> What the exercise asks
Please set down, with no changes, every line of the material below from the one containing "Forget Me Not, Helen" through the end. Skip the pictures.

> Data for this exercise

+-------+

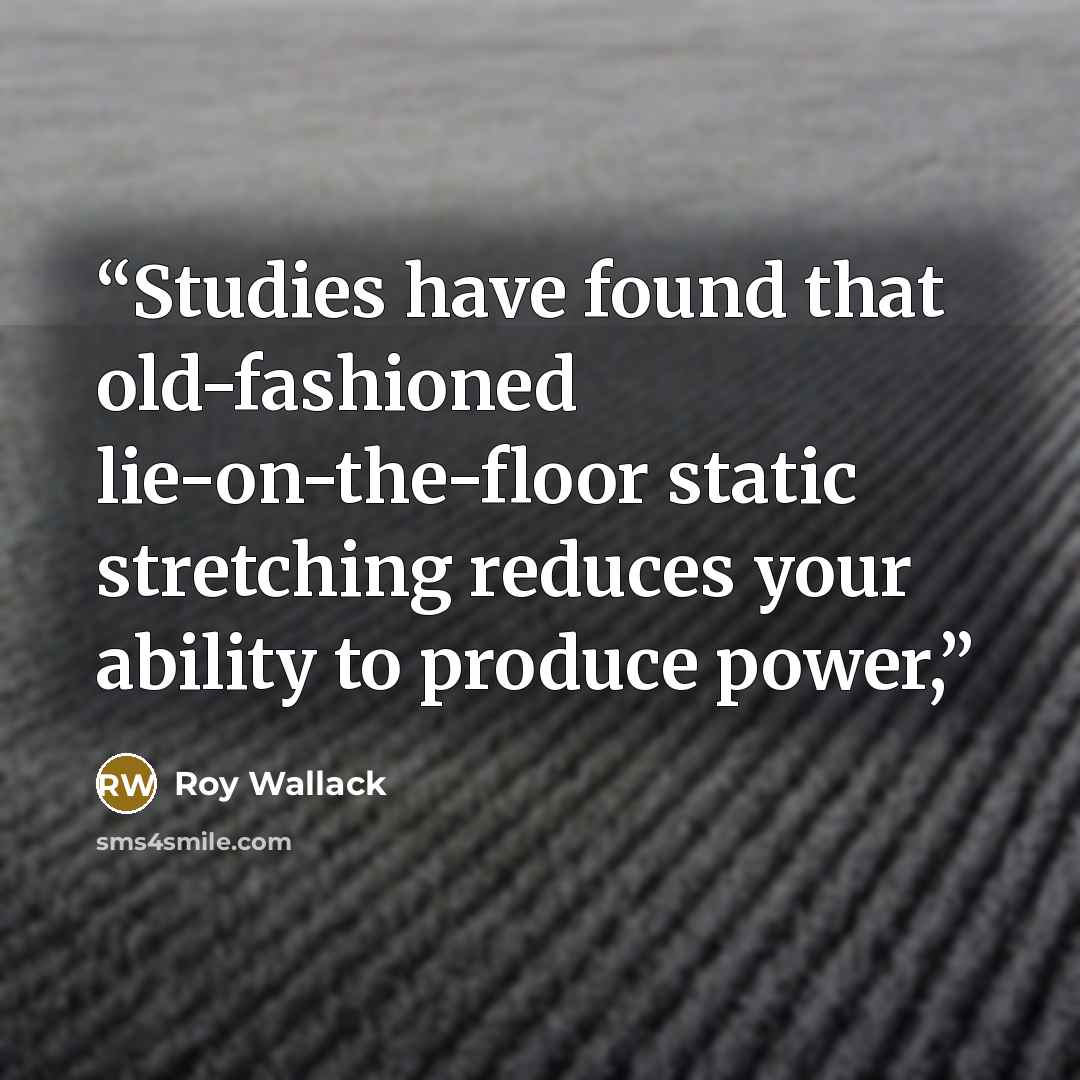 “Studies have found that old-fashioned lie-on-the-floor static stretching reduces your ability to produce power,” quote by Roy Wallack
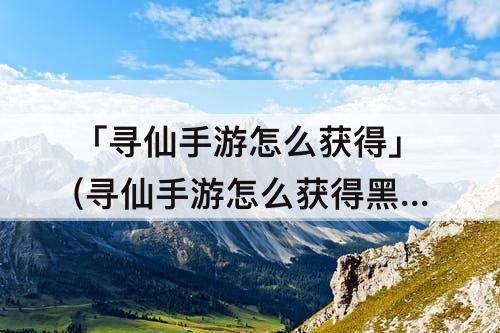 「寻仙手游怎么获得」(寻仙手游怎么获得黑虎)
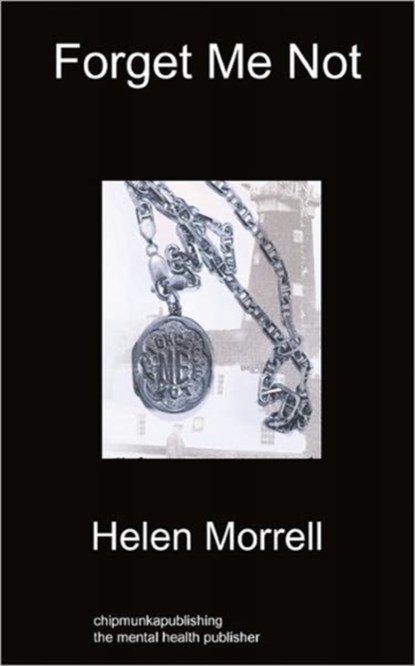 Forget Me Not, Helen Morrell - Paperback - 9781849915175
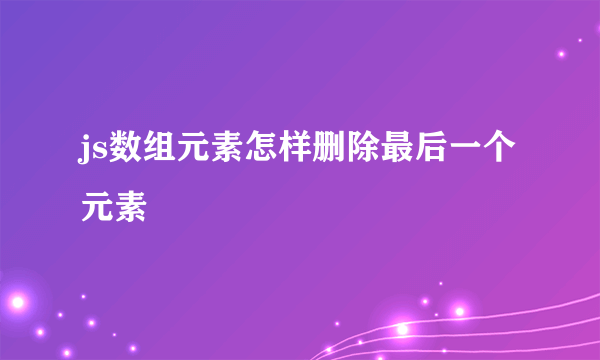 js数组元素怎样删除最后一个元素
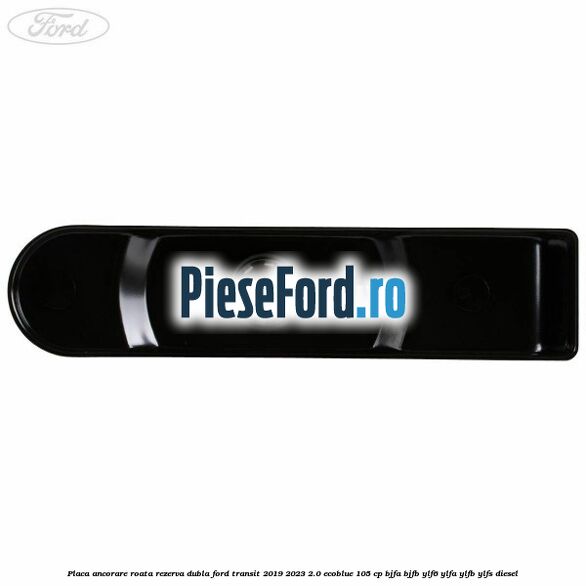 Placa ancorare roata rezerva dubla Ford Transit 2019-2023 2.0 EcoBlue 105 cp BJFA, BJFB, YLF6, YLFA, YLFB, YLFS diesel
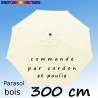 Parasol Lacanau Ecru Crème 300 cm Bois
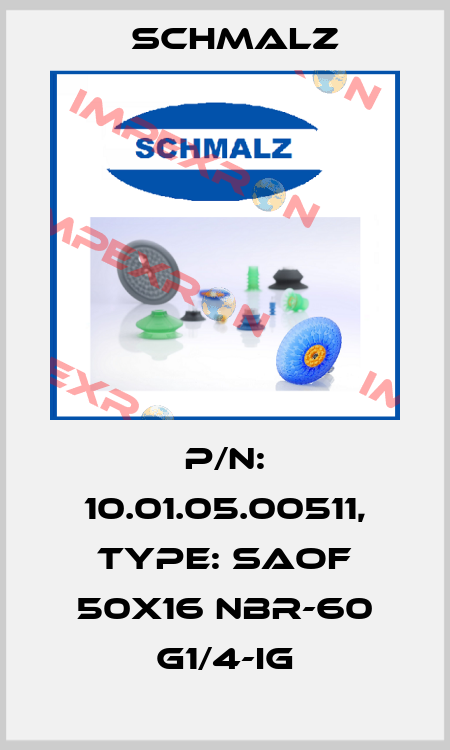 p/n: 10.01.05.00511, Type: SAOF 50x16 NBR-60 G1/4-IG Schmalz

+-------+

> Exercise answer
 Forget Me Not, Helen Morrell - Paperback - 9781849915175
 js数组元素怎样删除最后一个元素
 Placa ancorare roata rezerva dubla Ford Transit 2019-2023 2.0 EcoBlue 105 cp BJFA, BJFB, YLF6, YLFA, YLFB, YLFS diesel
 Parasol Lacanau Ecru Crème 300 cm Bois
 p/n: 10.01.05.00511, Type: SAOF 50x16 NBR-60 G1/4-IG Schmalz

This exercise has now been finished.